Gaming summit wrestles with keeping runaway-train of an industry on track
Creativity, talent shortfalls among growing catalogue of challenges in booming global industry
Curt Cherewayko- Business in Vancouver
Digital media programmers, designers and producers from across North America and Europe met in Vancouver last week for an inaugural two-day International Game Summit organized to address a host of challenges in what has become a thriving global industry.
In the past three years, the number of game development companies in Canada has tripled to more than 300. That rapid growth has forced gaming companies to grapple with such issues as shortfalls in talent, training and capital.
“Each company is so busy, that it’s important to have an event that unites all of them under one community, one banner,” said Trevor Sones, director of industry and government for Reboot Communications, which organized the summit.
He said the approximately 80 gaming technology studios in Vancouver want to continue to expand, but staffing shortages and a dependence on publishers is limiting the pace of growth.
“If you’re a game developer, you can design the greatest game, but you need a publisher to bring it to market,” he said.
Vlad Ceraldi sat on one of two management panels at the summit and discussed the hurdles to game publishing and financing.
As joint CEO of Hothead Games, he knows first-hand the challenges of trying to raise capital and find a distributor.
Traditionally, game developers must prove their ability and the concept of their game to a publisher to get game distribution. Hothead is relatively unusual in that it sought out private financing and now publishes its own titles, Ceraldi said.
“We think that now is the time where young, smaller, dynamic companies can make some great content and sell it direct to customers,” he said.
He also addressed spiralling industry costs. Development budgets and staff sizes, he said, are growing tremendously.
Companies are consequently taking fewer chances and focusing on developing proven licences, such as sequels, sports games and games connected to movies. Ceraldi said that sticking with guaranteed winners can erode innovation and creativity.
And that’s why it’s key to cultivating creativity and education, said Fan Trust Entertainment Strategies president Catherine Warren.
“One of the reasons that Vancouver is so hot now and so successful in this area is that we have these amazing programs like Emily Carr that allow these big companies like Electronic Arts, like Radical, to source great talent that understand the relationship between creativity, technology and business,” said Warren, who sat on a management panel at the summit.
A day before the conference, Electronic Arts announced that it will donate $1 million to B.C.’s masters of digital media program, which is scheduled to start in September. Graduates of the program will receive a master’s degree under an alliance of Vancouver’s major post-secondary institutions: UBC, SFU, BCIT and Emily Carr.
On the first day of the summit, New Media BC president Lynda Brown and Next Level Games CEO Douglas Tronsgard announced the creation of a digital entertainment task force made up of representatives from the gaming, music, film and television industries that will address the challenges of training, intellectual property creation and competitiveness.
The task force, headed by New Media BC, will work with the Ministry of Economic Development and the Ministry of Tourism, Sport and the Arts.
“It’s extremely hard to recruit people right now in Vancouver.

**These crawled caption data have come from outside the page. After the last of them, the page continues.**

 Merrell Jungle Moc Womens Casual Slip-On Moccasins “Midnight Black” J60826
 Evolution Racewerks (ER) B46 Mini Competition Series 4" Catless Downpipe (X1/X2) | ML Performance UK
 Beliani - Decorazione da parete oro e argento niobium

That’s a big change,” said Warren. “Four years ago, there were a lot of people out of work in both the creative and the technology professions.”
Development companies employ more than 49,700 people in Canada, and computer and video games sales set a new record in 2006, reaching 933 million, said the NPD Group.

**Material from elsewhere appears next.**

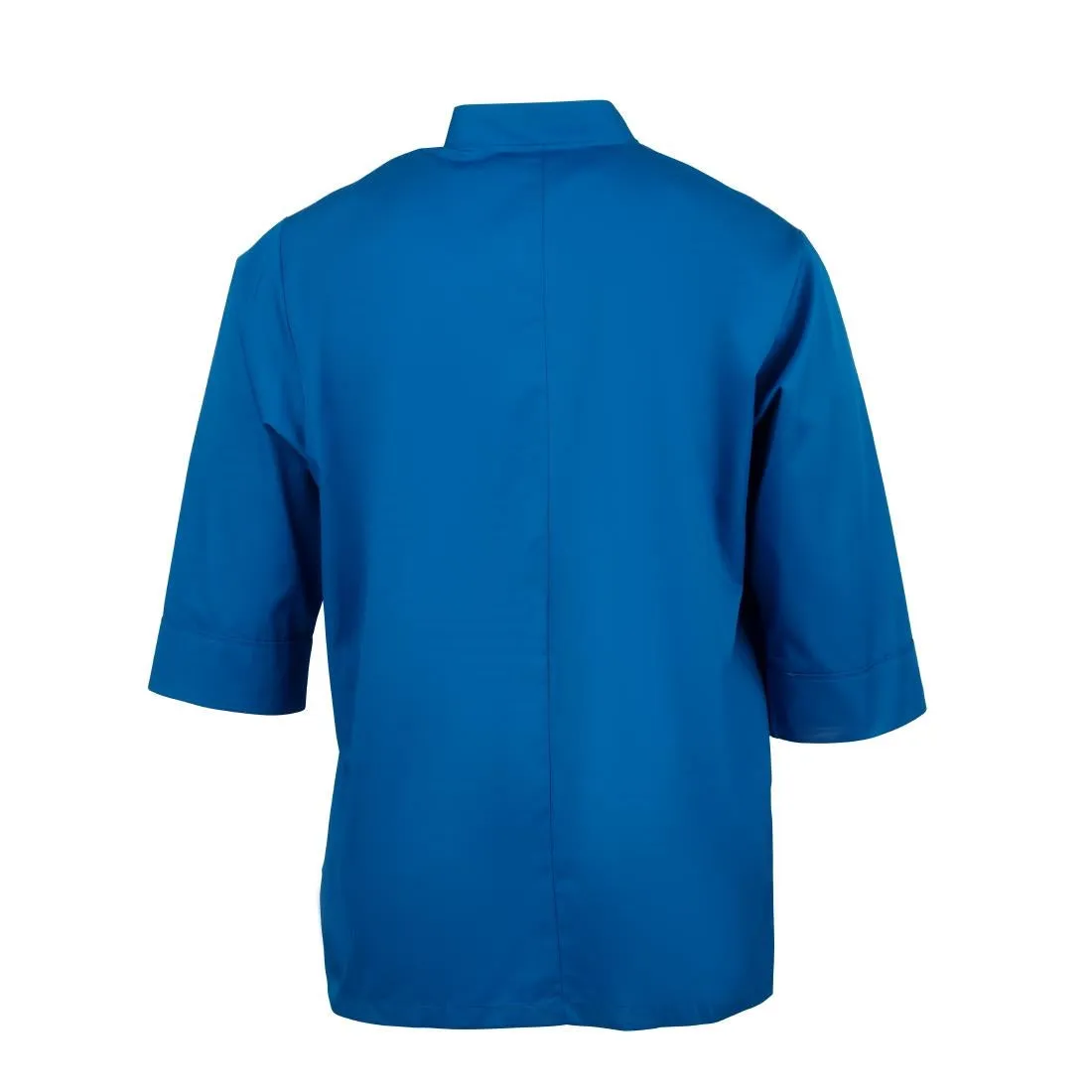 B178-XS Chef Works Unisex Chefs Jacket Blue XS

According to the market research firm, U.S. retail sales of video games generated revenue of close to US$12.5 billion in 2006, exceeding the previous record of US$10.5 billion set in 2005.
Howard Donaldson has been involved in organizing the summit since 2005, about the same time he started Propaganda Games.
Canada, and particularly Vancouver’s gaming industry will stay strong, said Donaldson, as long as it continues to cultivate creative talents. He said attendance at the conference, which saw about 350 attendees this year, could double next year, as new issues come up.